Ebbene, tenuto conto del contesto normativo complessivo e delle misure derogatorie volte ad andare incontro a eventuali interessi comunicazionali degli operatori (pur sempre entro i limiti e le condizioni stabiliti) con riguardo ai botanicals, la Corte ha precisato che “la circostanza che le indicazioni sulla salute relative a sostanze botaniche non possano essere oggetto di tale autorizzazione finché la Commissione non ne abbia portato a termine l’esame, ai fini di un loro eventuale inserimento negli elenchi delle indicazioni sulla salute consentite, non produce l’effetto di impedirne qualsiasi impiego.

Infatti, …, il legislatore dell’Unione ha previsto misure transitorie dirette a concedere a tali operatori alcune possibilità di avvalersi di siffatte indicazioni” (6).

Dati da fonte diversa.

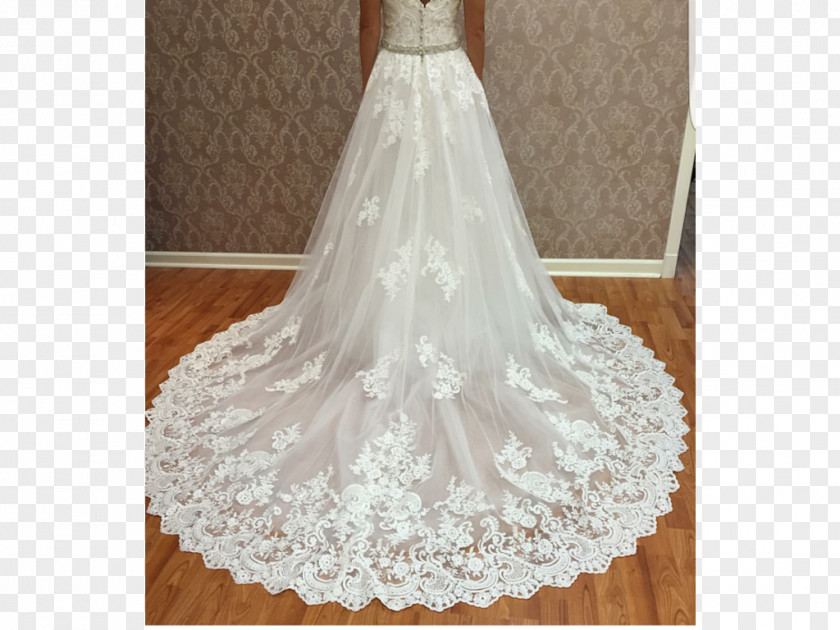 Satin Wedding Dress Shoulder Ruffle PNG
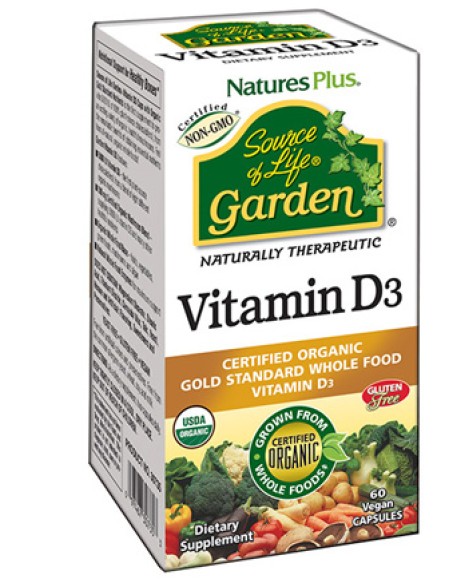 SOURCE OF LIFE GARDEN VITAMINA D3 5000 60 CAPSULE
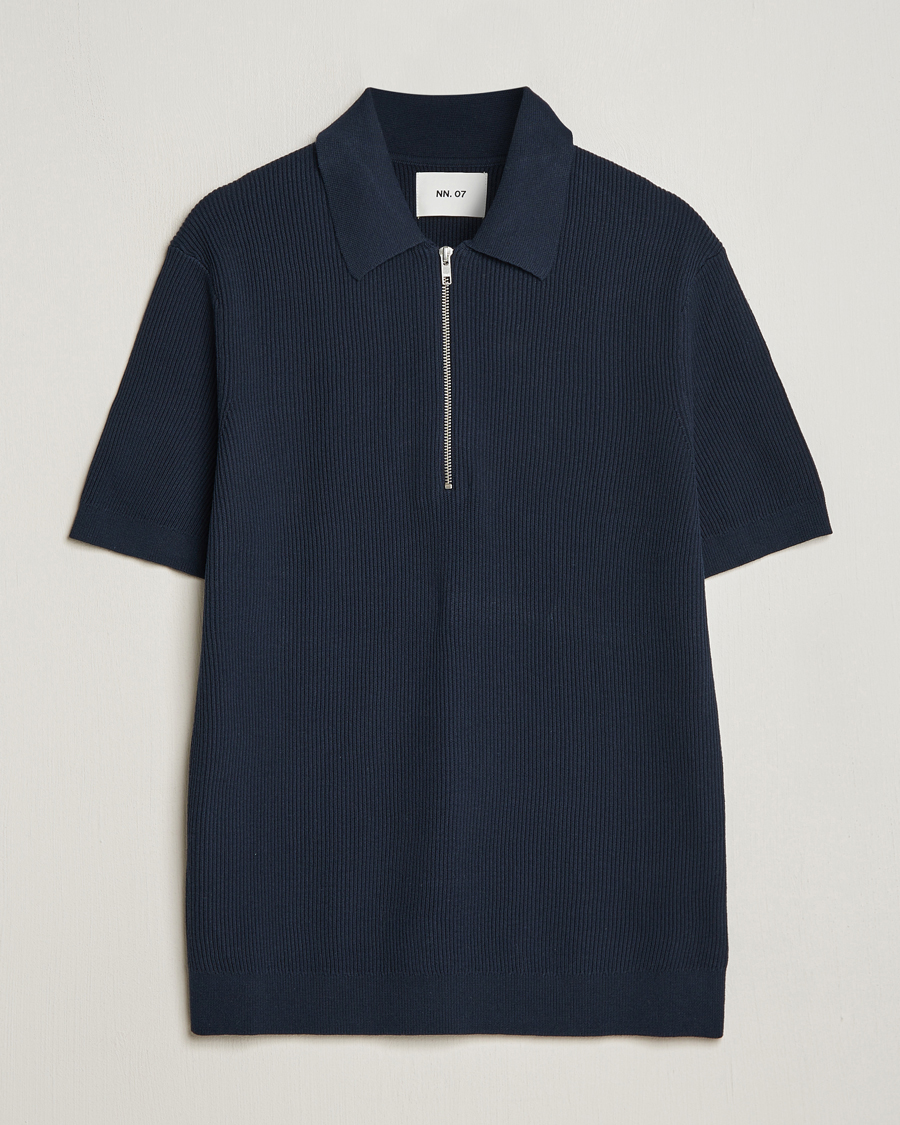Herr | Pikéer | NN07 | Hansie Zip Polo Navy Blue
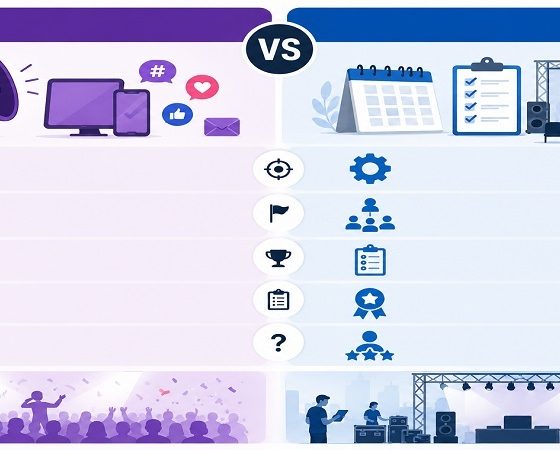 event marketing vs event management
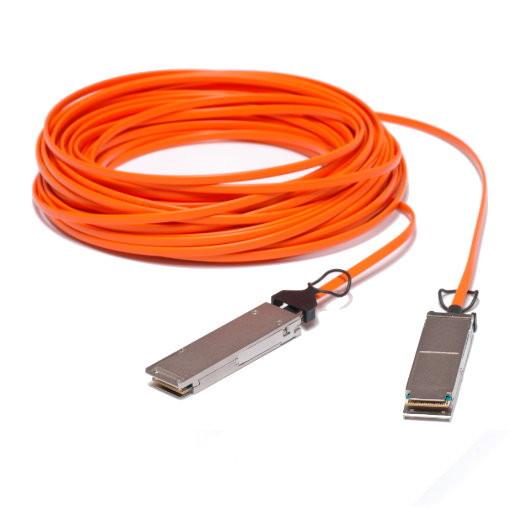 Quality 40GBase AOC QSFP+ direct-attach Active Optical Cable, 10-meter for sale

Nel caso esaminato, analizzate le deroghe, è però emerso come queste non fossero applicabili, infatti: l’indicazione avente ad oggetto l’estratto di zafferano era stata oggetto di domanda tardiva, mentre quella relativa al succo di melone non era stata oggetto di alcuna domanda.

In questi termini, i claims non potevano essere usati.


Come anticipato, la sentenza della Corte rappresenta il provvedimento, per quanto ci risulta, più recente sui botanicals e ci sembra interessante poiché chiarisce come, nell’analisi di indicazioni non ancora autorizzate, si debba comunque verificare se l’operatore che le usa possa godere delle misure derogatorie che il Regolamento 1924 contempla.

Partendo infatti dalle osservazioni dell’Avvocato generale, che ha sostenuto come il quadro normativo di riferimento consenta di garantire il giusto equilibrio tra i diritti fondamentali da conciliare senza pregiudicare in modo eccessivo il diritto legittimo degli operatori economici del settore alimentare a esercitare la loro attività imprenditoriale, in massima i Giudici europei hanno rimarcato che l’art. 10, parr. 1 e 3 del Regolamento 1924 non consente l’impiego di claims salutistici né l’impiego di claims generici nell’ambito della pubblicità commerciale effettuata per un integratore alimentare composto da «sostanze botaniche», finché la Commissione europea non abbia portato a termine l’esame delle indicazioni sulla salute relative alle sostanze botaniche ai fini del loro inserimento negli elenchi, a meno che l’impiego di tali indicazioni non sia autorizzato a norma dell’articolo 28, paragrafo 6, e cioè a meno che non rientri nell’applicazione della deroga.


Laddove tali deroghe non siano applicabili, vige il divieto di principio espresso dalla normativa, secondo cui in assenza di autorizzazione non è possibile impiegare claims salutistici.


Si tratta, invero, di una conferma, e difatti, per quanto ci riguarda in Italia, le nostre Autorità hanno già avuto modo di esprimersi in questi termini.


Il punto è che tale divieto si impone anche ai botanicals per i quali, da un lato, in tanti casi certe funzionalità salutistiche discendono da conoscenze che la storia e la tradizione portano con sé da decenni; dall’altro, è comunque da moltissimo tempo che gli operatori attendono che la Commissione e l’EFSA terminino il loro esame e autorizzino – o meno – le indicazioni salutistiche attribuite a queste sostanze botaniche.


Come rimarcato anche da diverse Istituzioni europee, sarebbe auspicabile che, dopo quasi vent’anni dalla pubblicazione del Regolamento claims, vi fossero sviluppi concreti nell’elaborazione della lista dei claims sui botanicals, e quindi una armonizzazione della materia, a beneficio sia degli operatori che dei consumatori.